What happened was this: our usual screaming territorial battles escalated when he went into semi-retirement and spent even more time clumping back and forth between the main part of the house and the garage. This meant clumping right through my non-office, the only room with an access door, a door which had to be slammed heavily (or so he believed) every time he clumped on through.

It was getting bad, I mean, really bad. He just didn't see that there was a problem. Why was it disturbing me that he ran a power saw in the garage, when there was a whole wall between us? Why was it bothersome that he had blathering ad-infested talk radio on full-volume as he worked because he's deaf as a cucumber?

I just ground my teeth a lot and put up with it until he suggested something.

"You know the bird room."

"Yeah. The bird room."

"Upstairs."

"Yeah."

"I had this idea, but I don't think you're going to like it."

"Try me."

"What if we switched your office with the bird room? I mean, put the bird down here. This would be his bedroom. Then you'd have your own private room upstairs and I could do anything I wanted in the garage."

It was one of those idiot-simple solutions that no one had ever thought of before. Jasper is the most spoiled 3"-long bird in history, with a cage that takes up 1/4 of the room. Wouldn't he be happier downstairs where he could have his own bedroom and be part of things? Why was this so unthinkable?

When my long-grown-up kids found out about this, they looked almost offended. "Whaaaat? What are you going to do that for?"

Move something in the house? In the house?

"Sure. The bird needs a change."

This may have had something to do with the fact we're finally putting some money into the place and getting a new bathroom and new windows and stuff like that. I hate change, and my first reaction was unease, even dread, but I was absolutely gobsmacked when the change was made relatively smoothly and without mishap.

Instead of fuming and tripping all over and missing the stack of 750 padded mailers in the old place, I find I. . I. . .

I like it here.

I have a view, which I never did in the old place, unless you count a wall with a huge tacky bulletin board on it. It's all cedary, layers of feathery green which right now has a gentle drizzle sifting through. On nice days, if they ever come, I'll have sunlight. I can see birds flitting about. In 25 years here, I have never looked out this window. I never had this perspective, ever. It was wasted on a dumb bird.

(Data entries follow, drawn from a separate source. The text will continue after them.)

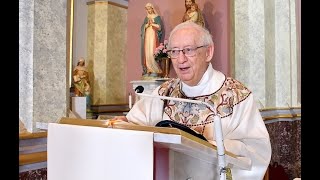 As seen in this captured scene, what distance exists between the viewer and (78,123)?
6.02 ft

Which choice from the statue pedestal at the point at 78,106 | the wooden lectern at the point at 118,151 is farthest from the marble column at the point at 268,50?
the wooden lectern at the point at 118,151

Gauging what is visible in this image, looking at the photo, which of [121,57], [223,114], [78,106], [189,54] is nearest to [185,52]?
[189,54]

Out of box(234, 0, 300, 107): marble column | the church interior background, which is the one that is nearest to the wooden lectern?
the church interior background

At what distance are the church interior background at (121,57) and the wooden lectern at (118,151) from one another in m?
0.24

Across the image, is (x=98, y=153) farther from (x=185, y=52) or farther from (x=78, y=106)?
(x=78, y=106)

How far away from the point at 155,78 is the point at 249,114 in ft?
13.8

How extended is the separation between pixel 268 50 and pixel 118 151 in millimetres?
4744

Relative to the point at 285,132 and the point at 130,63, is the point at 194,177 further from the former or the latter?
the point at 130,63

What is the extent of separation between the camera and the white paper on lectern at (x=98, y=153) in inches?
62.4

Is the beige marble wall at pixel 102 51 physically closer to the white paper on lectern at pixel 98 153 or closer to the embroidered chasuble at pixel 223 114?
the embroidered chasuble at pixel 223 114

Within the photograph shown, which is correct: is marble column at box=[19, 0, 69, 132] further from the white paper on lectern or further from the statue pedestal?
the statue pedestal

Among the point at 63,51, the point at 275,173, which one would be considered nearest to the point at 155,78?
the point at 275,173

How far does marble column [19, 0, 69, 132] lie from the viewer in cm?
266

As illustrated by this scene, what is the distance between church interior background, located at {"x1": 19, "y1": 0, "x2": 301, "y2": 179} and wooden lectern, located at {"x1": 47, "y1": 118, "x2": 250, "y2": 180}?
237mm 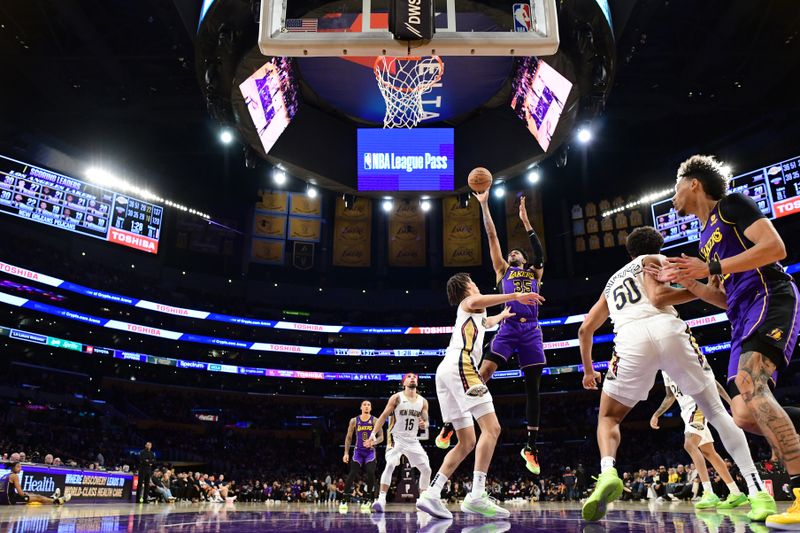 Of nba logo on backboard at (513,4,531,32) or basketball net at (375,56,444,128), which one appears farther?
basketball net at (375,56,444,128)

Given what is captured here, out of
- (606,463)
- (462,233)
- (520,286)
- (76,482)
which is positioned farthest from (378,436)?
(462,233)

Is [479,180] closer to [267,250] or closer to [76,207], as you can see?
[76,207]

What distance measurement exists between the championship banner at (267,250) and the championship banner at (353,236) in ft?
11.4

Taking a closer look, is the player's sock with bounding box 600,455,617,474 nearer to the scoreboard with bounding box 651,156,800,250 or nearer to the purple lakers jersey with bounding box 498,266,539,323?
the purple lakers jersey with bounding box 498,266,539,323

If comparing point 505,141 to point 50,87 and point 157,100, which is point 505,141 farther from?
point 50,87

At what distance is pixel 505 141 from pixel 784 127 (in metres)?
19.1

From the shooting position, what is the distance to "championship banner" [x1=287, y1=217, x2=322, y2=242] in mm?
35188

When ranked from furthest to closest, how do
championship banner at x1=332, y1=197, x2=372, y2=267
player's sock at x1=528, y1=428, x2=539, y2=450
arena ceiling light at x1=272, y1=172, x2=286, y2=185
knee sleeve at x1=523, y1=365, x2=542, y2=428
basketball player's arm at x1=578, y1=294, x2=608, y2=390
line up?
1. championship banner at x1=332, y1=197, x2=372, y2=267
2. arena ceiling light at x1=272, y1=172, x2=286, y2=185
3. knee sleeve at x1=523, y1=365, x2=542, y2=428
4. player's sock at x1=528, y1=428, x2=539, y2=450
5. basketball player's arm at x1=578, y1=294, x2=608, y2=390

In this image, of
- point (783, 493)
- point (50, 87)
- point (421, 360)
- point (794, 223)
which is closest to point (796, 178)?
point (794, 223)

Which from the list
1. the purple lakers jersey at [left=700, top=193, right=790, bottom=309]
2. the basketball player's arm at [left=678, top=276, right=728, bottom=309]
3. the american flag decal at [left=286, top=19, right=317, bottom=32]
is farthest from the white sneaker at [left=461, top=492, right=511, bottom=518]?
the american flag decal at [left=286, top=19, right=317, bottom=32]

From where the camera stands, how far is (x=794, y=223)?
2911 cm

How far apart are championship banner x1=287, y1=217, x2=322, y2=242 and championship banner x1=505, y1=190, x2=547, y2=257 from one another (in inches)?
456

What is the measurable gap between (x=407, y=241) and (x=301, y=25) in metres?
29.1

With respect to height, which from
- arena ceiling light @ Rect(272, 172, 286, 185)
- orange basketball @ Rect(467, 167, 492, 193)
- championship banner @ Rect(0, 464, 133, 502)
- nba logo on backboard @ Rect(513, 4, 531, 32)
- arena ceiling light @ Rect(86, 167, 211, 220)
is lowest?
championship banner @ Rect(0, 464, 133, 502) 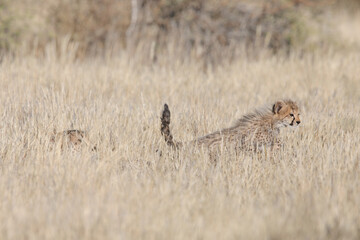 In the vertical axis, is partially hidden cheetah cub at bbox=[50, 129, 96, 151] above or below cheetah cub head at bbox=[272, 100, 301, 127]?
below

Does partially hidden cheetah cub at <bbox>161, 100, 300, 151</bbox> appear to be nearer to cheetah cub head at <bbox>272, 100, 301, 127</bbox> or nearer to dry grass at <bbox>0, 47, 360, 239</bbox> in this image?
cheetah cub head at <bbox>272, 100, 301, 127</bbox>

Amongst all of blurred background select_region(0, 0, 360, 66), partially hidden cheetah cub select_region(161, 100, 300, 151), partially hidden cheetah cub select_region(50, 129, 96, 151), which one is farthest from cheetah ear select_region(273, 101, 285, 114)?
blurred background select_region(0, 0, 360, 66)

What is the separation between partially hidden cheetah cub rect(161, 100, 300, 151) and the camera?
18.7ft

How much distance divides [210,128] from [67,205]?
297 centimetres

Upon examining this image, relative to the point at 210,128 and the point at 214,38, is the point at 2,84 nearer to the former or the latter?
the point at 210,128

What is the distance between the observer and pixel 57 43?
11.8 metres

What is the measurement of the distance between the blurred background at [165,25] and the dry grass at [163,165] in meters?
2.70

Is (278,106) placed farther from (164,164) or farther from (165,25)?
(165,25)

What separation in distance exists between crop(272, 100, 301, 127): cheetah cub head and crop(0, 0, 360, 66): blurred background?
4997 millimetres

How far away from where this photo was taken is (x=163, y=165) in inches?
200

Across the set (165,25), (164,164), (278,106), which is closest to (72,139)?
(164,164)

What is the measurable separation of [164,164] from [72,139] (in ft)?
3.36

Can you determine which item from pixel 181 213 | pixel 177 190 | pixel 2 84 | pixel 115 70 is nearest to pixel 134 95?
pixel 115 70

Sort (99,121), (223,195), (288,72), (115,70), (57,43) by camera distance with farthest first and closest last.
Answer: (57,43), (288,72), (115,70), (99,121), (223,195)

The room kind of wraps around my desk (a huge desk which I love, and which was in storage for years before I realized I could be using it). These are my books in the bookcases, not frayed copies of Shell Busey's Home Ideas and How to Repair Practically Anything.

It's just. . . my stuff, my space. I feel both humbled and exalted. The energy is completely different, almost cocoon-like (when I feared it would be claustrophobic). My old amplifier from 1973 is gone, replaced by a sleek model that looks like it might have come from this century.

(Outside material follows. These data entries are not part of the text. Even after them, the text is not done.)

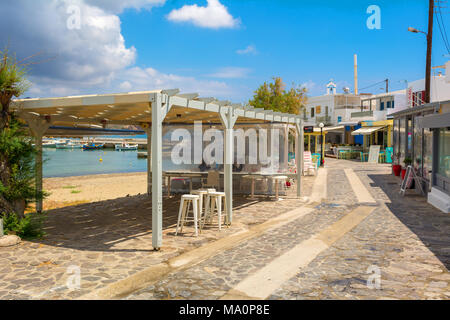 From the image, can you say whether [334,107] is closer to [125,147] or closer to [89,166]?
[89,166]

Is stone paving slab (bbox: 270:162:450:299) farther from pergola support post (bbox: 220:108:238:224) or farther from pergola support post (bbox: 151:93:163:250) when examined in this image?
pergola support post (bbox: 220:108:238:224)

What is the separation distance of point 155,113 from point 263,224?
374 centimetres

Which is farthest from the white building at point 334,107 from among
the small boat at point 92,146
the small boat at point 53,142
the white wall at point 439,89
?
the small boat at point 53,142

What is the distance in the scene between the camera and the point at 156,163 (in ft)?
19.5

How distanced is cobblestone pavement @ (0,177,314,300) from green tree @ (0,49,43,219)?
0.84 m

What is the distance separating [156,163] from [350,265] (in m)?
3.30

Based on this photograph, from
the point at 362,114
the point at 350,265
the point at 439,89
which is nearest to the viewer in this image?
the point at 350,265

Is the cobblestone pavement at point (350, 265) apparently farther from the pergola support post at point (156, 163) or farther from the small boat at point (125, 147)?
the small boat at point (125, 147)

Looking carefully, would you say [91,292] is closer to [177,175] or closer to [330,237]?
[330,237]

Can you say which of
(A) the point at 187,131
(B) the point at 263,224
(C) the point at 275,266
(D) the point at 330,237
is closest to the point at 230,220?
(B) the point at 263,224

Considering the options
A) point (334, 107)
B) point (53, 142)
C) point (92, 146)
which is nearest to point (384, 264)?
point (334, 107)

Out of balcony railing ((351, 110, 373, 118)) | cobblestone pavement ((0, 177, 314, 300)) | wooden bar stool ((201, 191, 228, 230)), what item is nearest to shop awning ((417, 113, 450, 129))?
cobblestone pavement ((0, 177, 314, 300)) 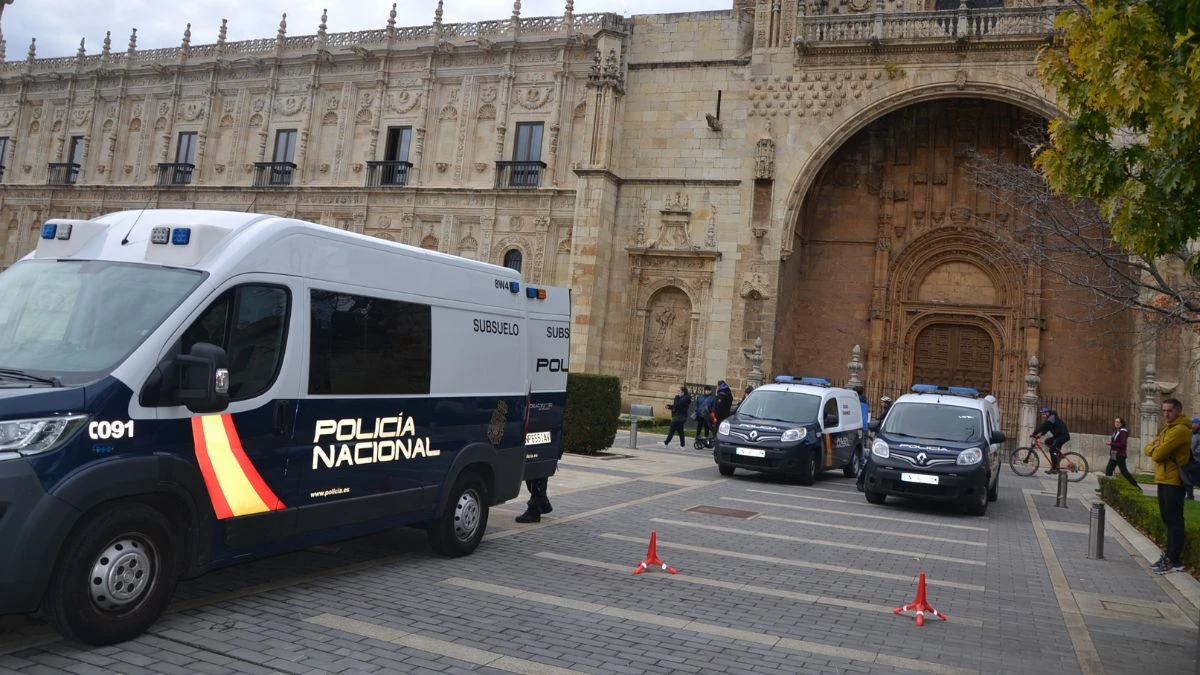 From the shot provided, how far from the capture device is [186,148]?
3722 cm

There are carpets, which softens the sound of everything. I like it.

I could go on and on about all that "room of one's own" stuff. And I wonder now if I'll be able to concentrate without all that clumping and slamming. Will I miss the hissing arguments, his posing as a bloody saint wronged by a heartless, selfish bitch? Well, we can still do that in Ikea when we can't agree on a lamp. (Snarling at each other in public is especially enjoyable.) And have a few Swedish meatballs with gravy in the cafeteria while we're at it.

The good fairy came (or maybe the sanity fairy), and now Pinocchio is a real boy. I never thought it would happen. And hey: what's that I see leaping from branch to branch in my stunning new view? Could it be. . . a real live squirrel?